The Missouri Tigers have a huge opportunity on Saturday against Georgia.
The Tigers (1-1) go into their Southeastern Conference opener as underdogs against the 16th-ranked Bulldogs (2-0) but have a chance to make a strong impression on more than two dozen visiting recruits at Memorial Stadium.
At least two of the recruits expected to be on campus will be on official visits — four-star running back A.J. Davis from Lakeland, Fla., and three-star cornerback Terry Petry from Texas — and are positions of need for the Tigers in this recruiting class.
Davis is ranked as the 20th-best running back in the Class of 2017 and the 221st-best prospect overall. Petry, ranked as the 56th-best cornerback in the senior class, is committed to Houston last November but is interested enough in the Tigers to take an official visit to Columbia.
The Tigers have 13 commitments for the Class of 2017 so far but do not have any pledges from running backs or cornerbacks. Missouri has one senior running back (Alex Ross) and currently has two seniors starting at cornerback in Aarion Penton and John Gibson, so those are two areas where the Tigers could definitely try to replenish their talent level.

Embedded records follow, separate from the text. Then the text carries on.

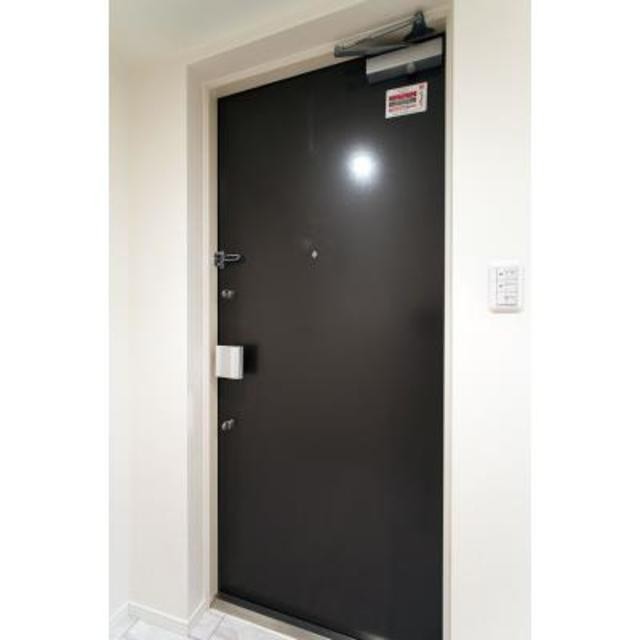 ※写真は同タイプ住戸です。(玄関)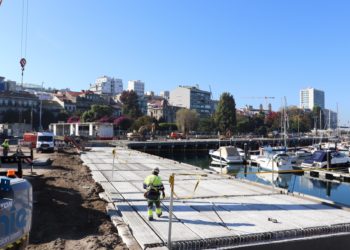 El muelle hundido en O Marisquiño «emerge» de nuevo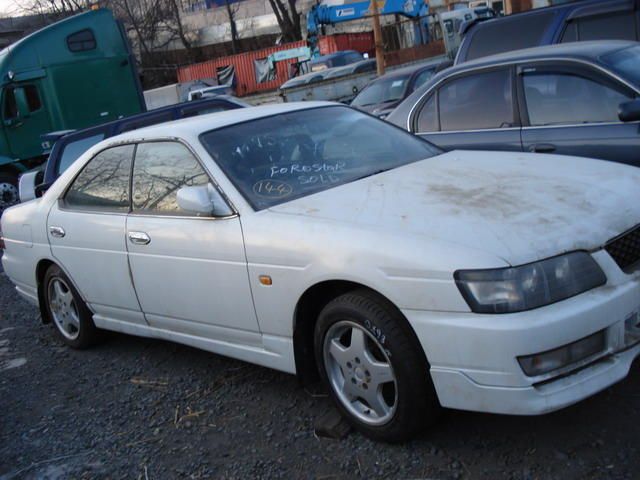 2000 Nissan Laurel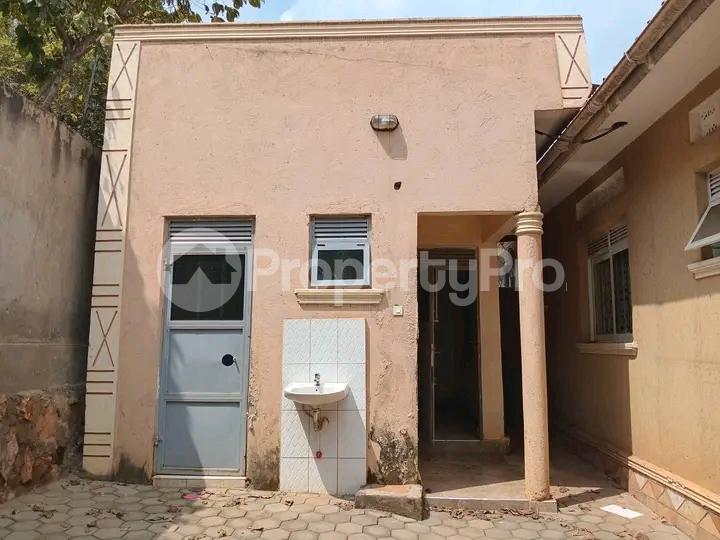 4 bedroom Bungalow Apartment for sale Namugongo  Kampala Central Kampala Central - 0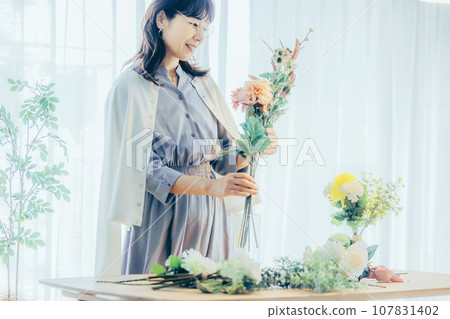 Middle-aged woman with a bouquet of flowers 107831402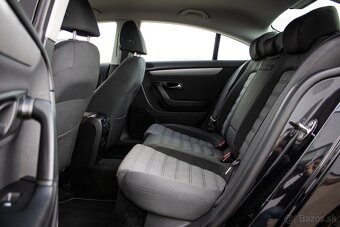 Volkswagen Passat CC 2.0 TDI BlueMotion - 18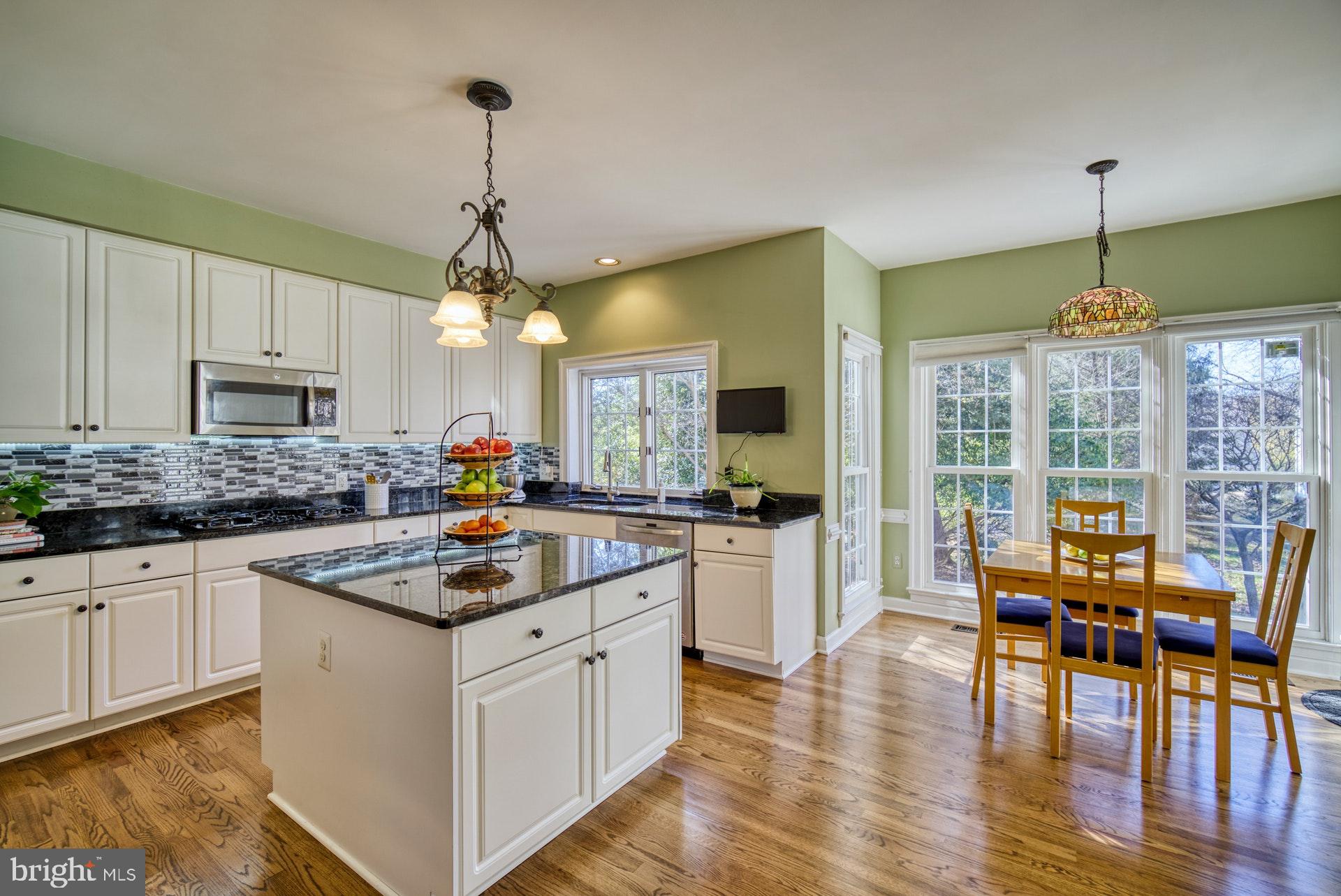 2708 Courthouse Oaks Road Vienna, VA 22181 - Photo 7 of 42 Gallery Image 7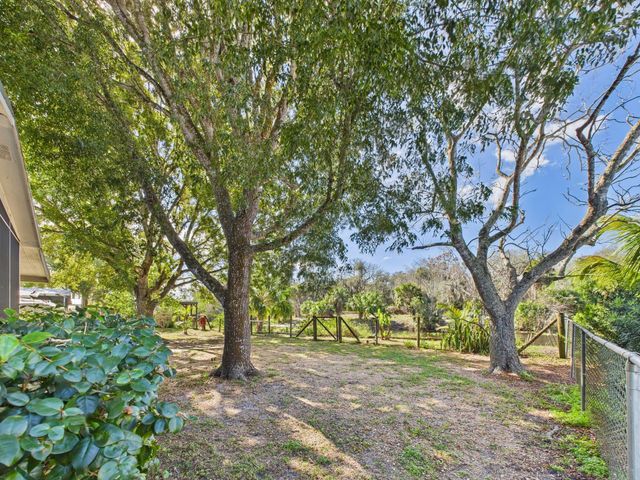 407 NE 8th Avenue, Okeechobee, FL 34972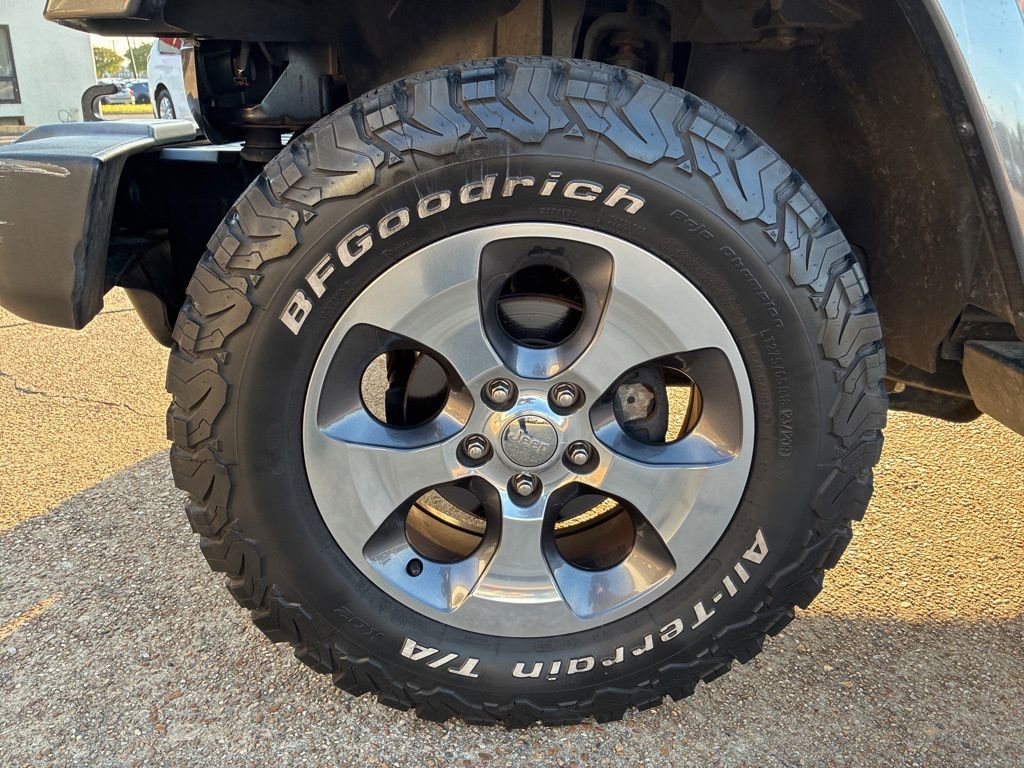 Used 2016 Jeep Wrangler Unlimited Sahara w/ Connectivity Group AWD/4WD image 10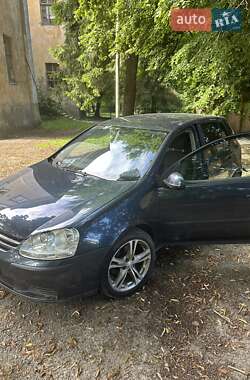 Хетчбек Volkswagen Golf 2004 в Львові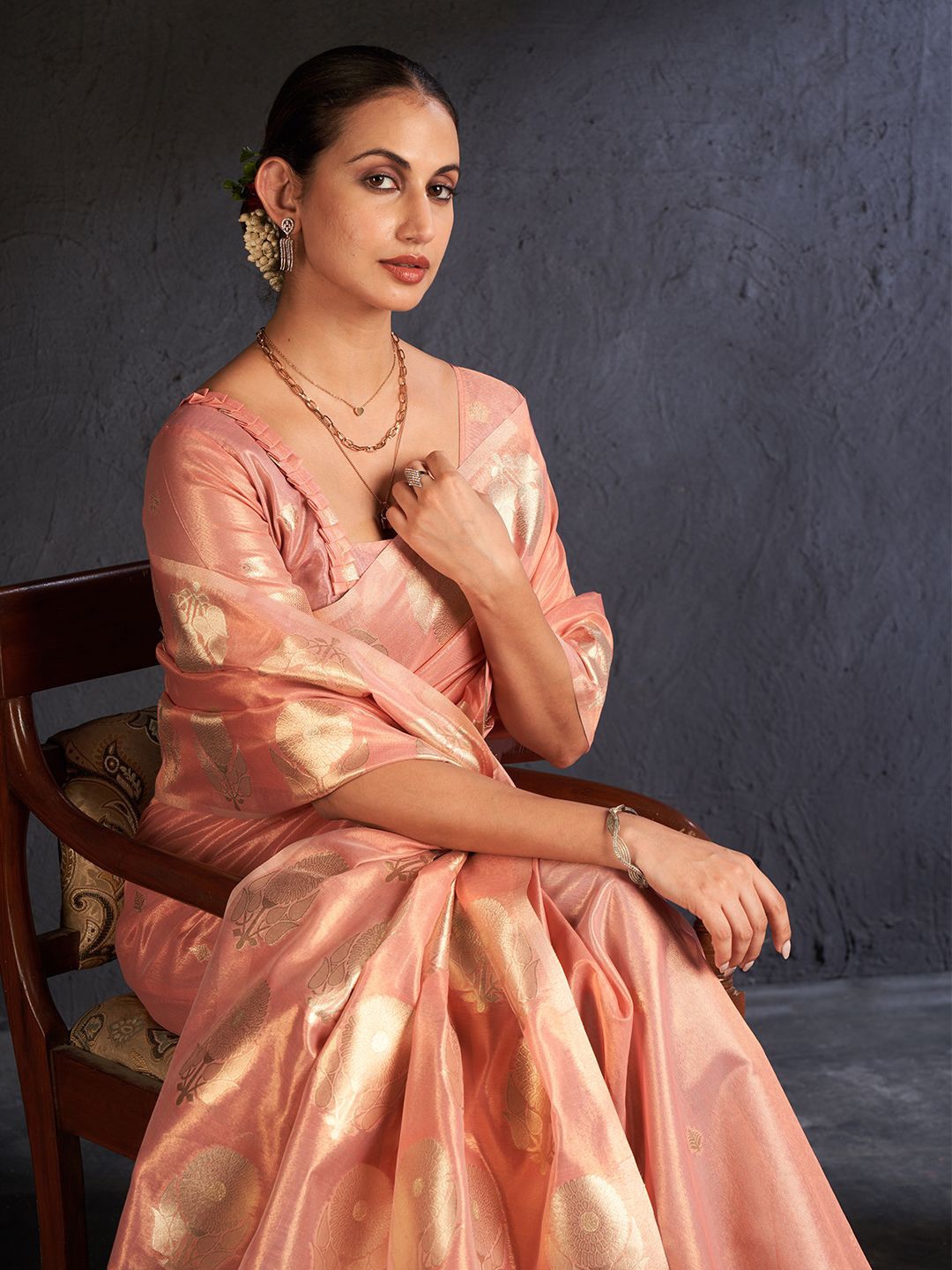 

SARHA Woven Design Zari Tissue Saree With Unstitched Blouse Piece, Pink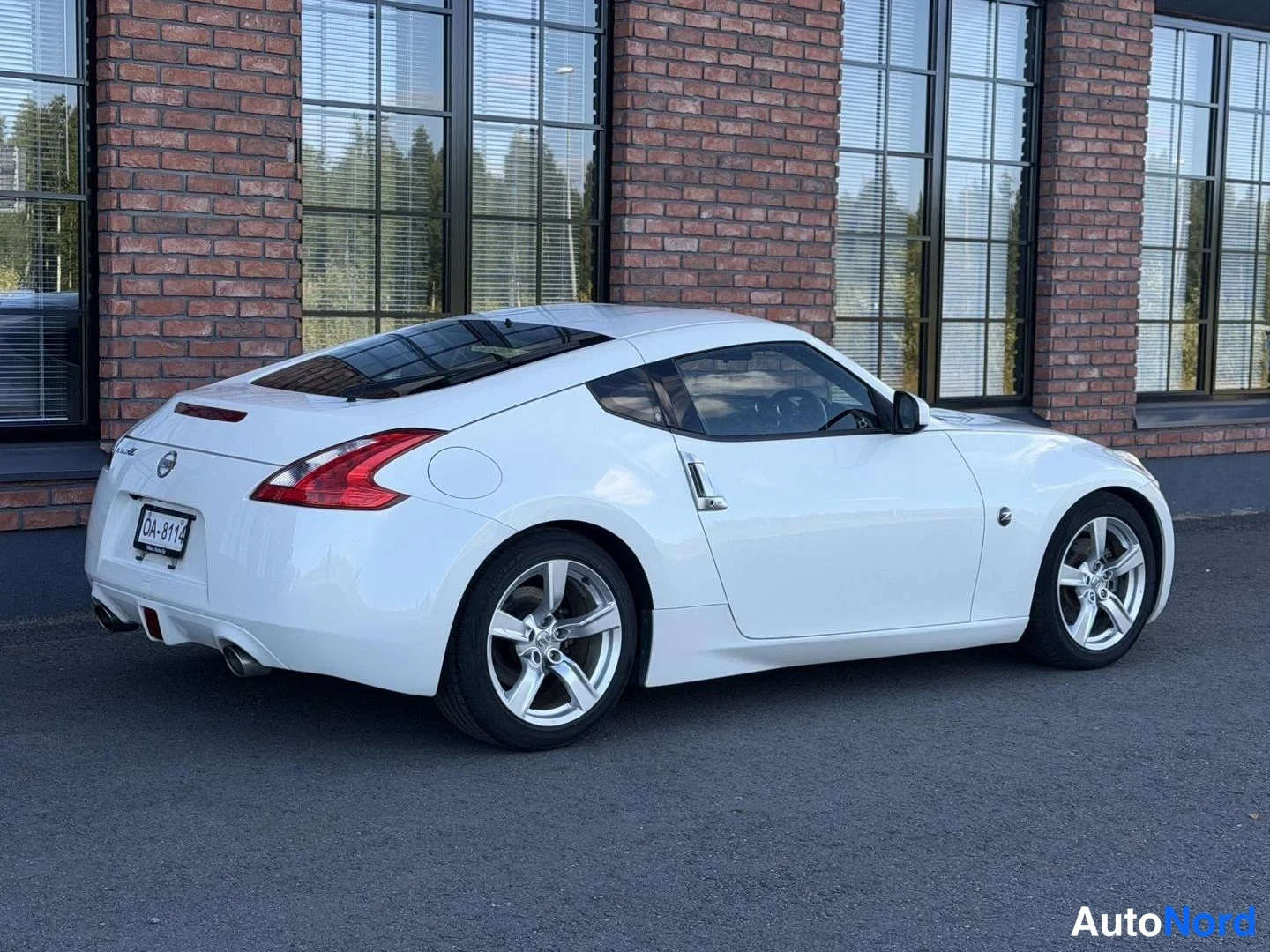 White Nissan 370Z 2010, rear three-quarter, photo 9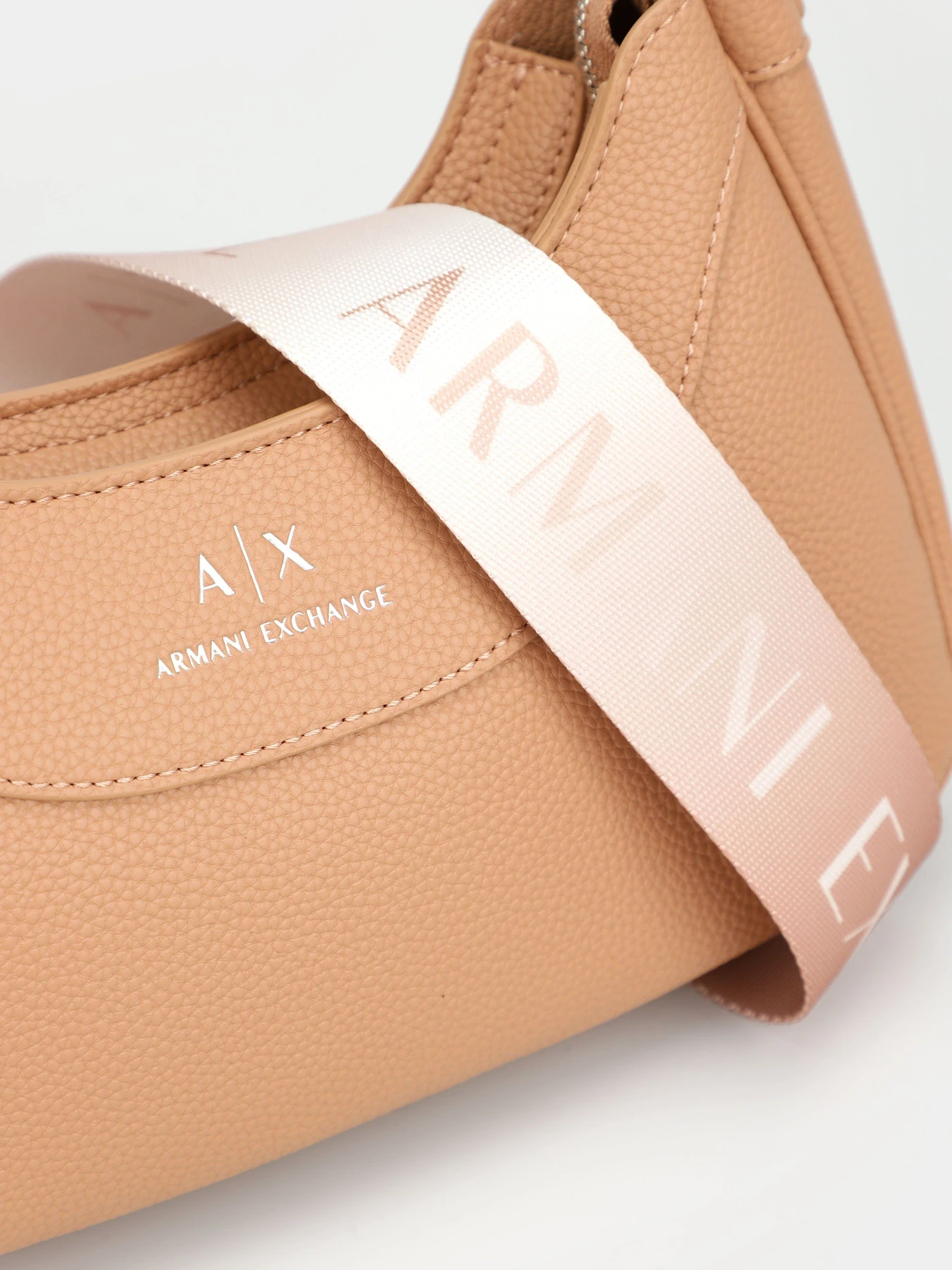 Сумки Armani Exchange модель 942883-CC783-09052 Сумки Armani Exchange модель 942883-CC783-09052 Фото
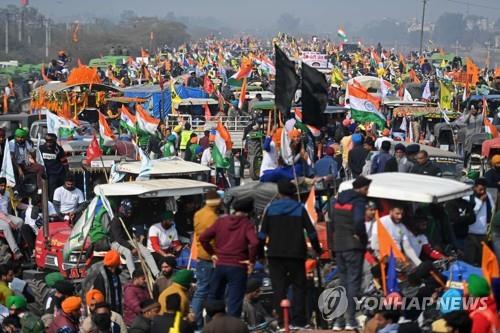 26일 인도 뉴델리에서 '트랙터 시위'를 펼치는 농민. [AFP=연합뉴스]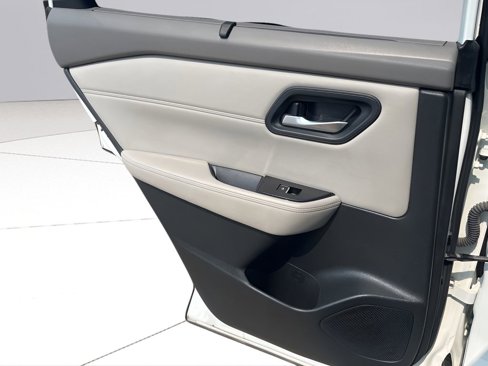 Used 2023 Nissan Rogue SL w/ SL Premium Package image 42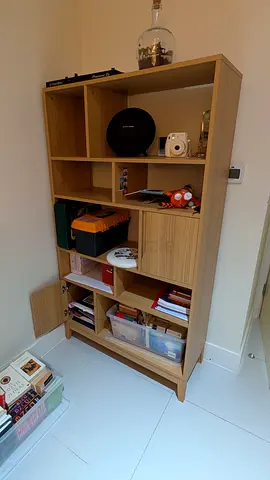 Light wood bookshelf / display unit - good condition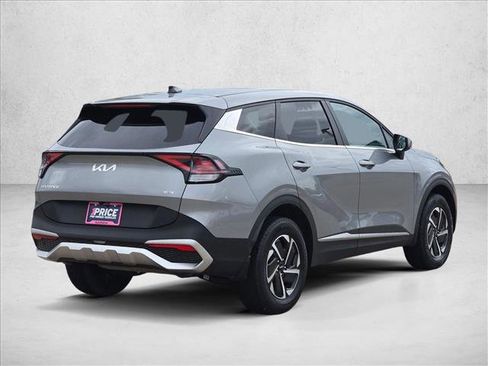 Used 2023 Kia Sportage LX AWD/4WD image 5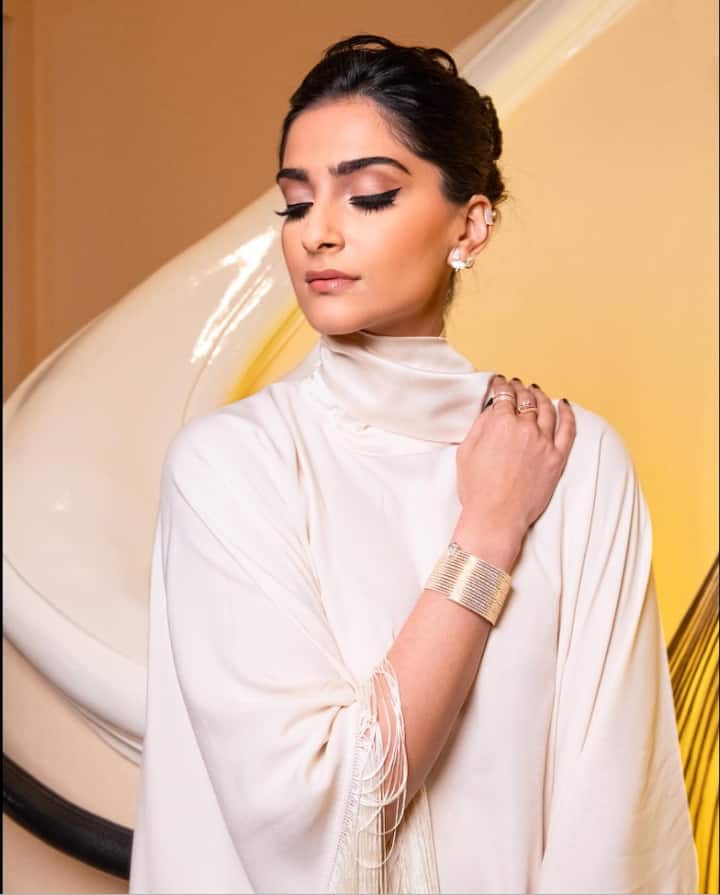 sonam kapoor Photo: સોનમ કપૂરે ફરી એકવાર તેની ફેશન સેન્સથી તેના ચાહકોને ચોંકાવી દીધા છે અને તેનું કારણ છે કે તેનો લુક ખૂબ જ ક્લાસી છે.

Missouri will have a few of their 2017 commitments on campus — with wide receivers Da'Ron Davis and Jafar Armstrong, quarterback Reyondous Estes, offensive lineman Case Cook and possibly more — as well as some key recruits in the 2017, 2018 and 2019 classes who already have scholarship offers and have several other schools recruiting them.
East St. Louis senior wide receiver Jeff Thomas, Parkway North junior defensive lineman Michael Thompson and CBC junior wide receiver Kamryn Babb are prospects who already have or will be recruited by the top programs in college football, but are key recruits for the Tigers and are expected to be at Memorial Stadium on Saturday night. Barry Odom wants to make Mizzou a championship contender and these are the kind of recruits he needs to help make that vision a reality.
So it’s an opportunity for Odom and the Tigers to knock off a Top 25 program, make a statement about where they stand in the SEC hierarchy in 2016 and show some of the top in-state prospects they can compete at the highest level if they come to Columbia.